1939 – 1941: the war at the door

The offensive military doctrine of the Red Army of Workers and Peasants envisaged aggressive foreign policy and permanent military readiness of the whole Soviet society. Schools were required to study arms. Active among the population were “voluntary” societies – the Society to Aid the Army, Aviation and Navy, the Red Cross and the Red Crescent. State-sponsored physical education and sports classes also aimed to prepare young people for service in the Armed Forces. Propaganda poster “Each female member of the Komsomol must master Soviet military defense techniques” in the exposition demonstrates active involvement of women in military affairs.
The signing of the Treaty of Non-Aggression between Germany and the Soviet Union on August 23, 1939, paved the way for a World War. The main component of the Treaty was the secret protocol on the distribution of spheres of influence in Europe between the aggressors. Eastern Poland, Baltic countries, Finland and Romania all fell under the influence of the USSR, while Nazi Germany obtained freedom of action in Western and Southern Europe. Popular propaganda explanation of the Soviet military aggression against Poland as “liberation of her working people” is shown in a well-known poster by Victor Koretsky.

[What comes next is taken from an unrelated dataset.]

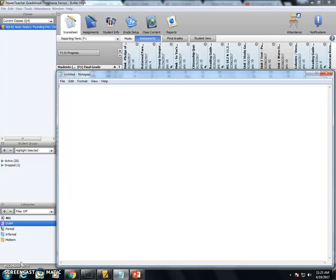Now in PowerSchool, this is what it will look like. I have this notepad up just to cover up my students' names and grades since this will be up on YouTube. I can tell real quickly if the items post or not because they'll have this little drop-down arrow if they have posted from Canvas into PowerSchool.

For the next two years, fights took place far from Shostka. These were briefly reported upon in the local Zorya newspaper, but the local population was actively involved in preparations for the war. The war changed or affected everyone’s life. The new law “On General Military Service” reduced the age of draftees to 18 and increased the duration of active military service to 3 years. These measures indicated secret partial mobilization of the Red Army.
Under the new ammunition mobilization plan, Shostka enterprises had a dramatic increase in their military production output.